THE PROBLEM:
Omit all images, then repeat exactly the lines below from the one containing "sản công nghiệp" through the one containing "Ніж туристичний з", both ends included.

[[ MATERIAL PROVIDED open ]]

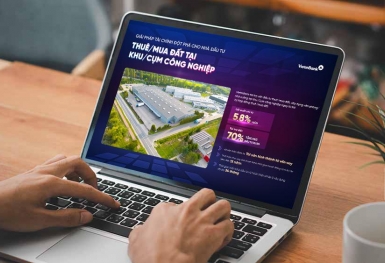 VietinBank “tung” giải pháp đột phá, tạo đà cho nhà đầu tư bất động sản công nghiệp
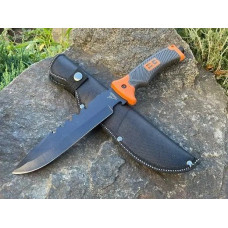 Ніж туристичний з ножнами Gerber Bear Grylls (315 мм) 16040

[[ MATERIAL PROVIDED closed ]]
[[ MATERIAL PROVIDED open ]]

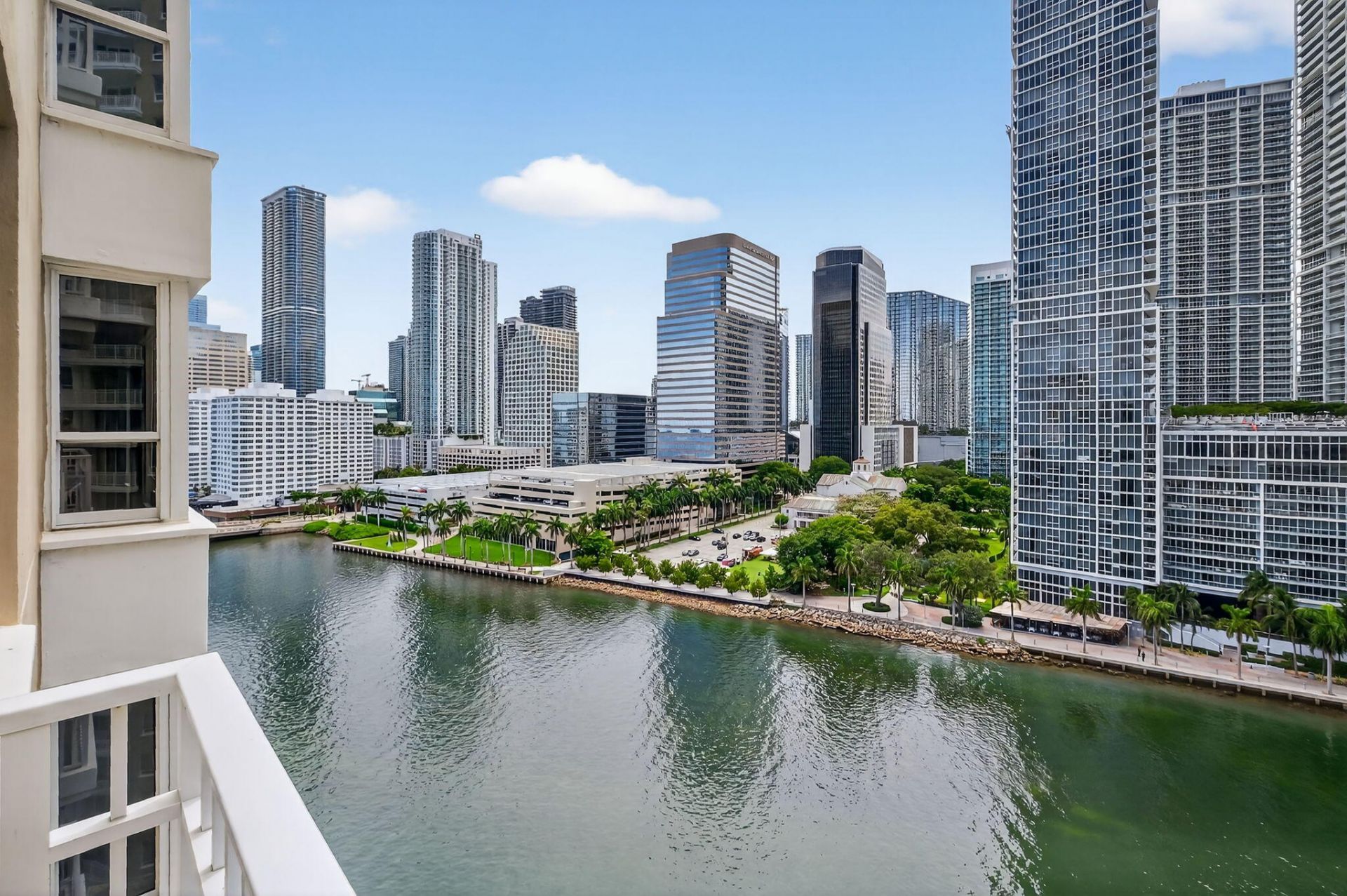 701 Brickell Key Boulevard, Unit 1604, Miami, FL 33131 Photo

[[ MATERIAL PROVIDED closed ]]
[[ MATERIAL PROVIDED open ]]

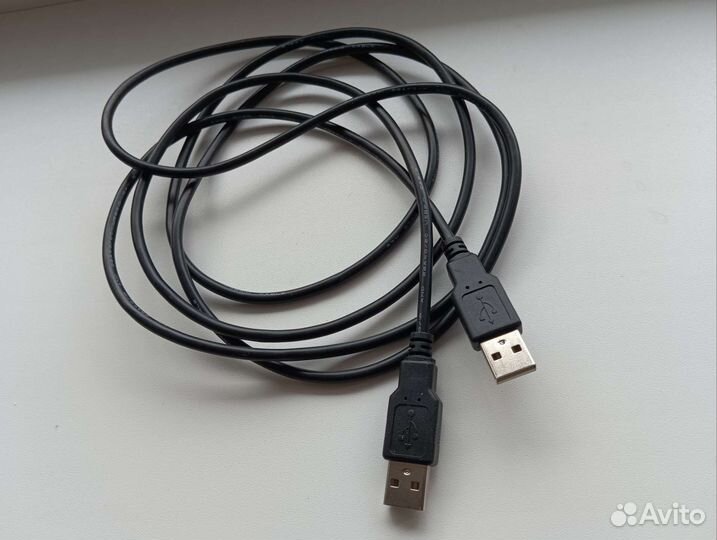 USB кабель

[[ MATERIAL PROVIDED closed ]]

ANSWER BOX:
 VietinBank “tung” giải pháp đột phá, tạo đà cho nhà đầu tư bất động sản công nghiệp
 Ніж туристичний з ножнами Gerber Bear Grylls (315 мм) 16040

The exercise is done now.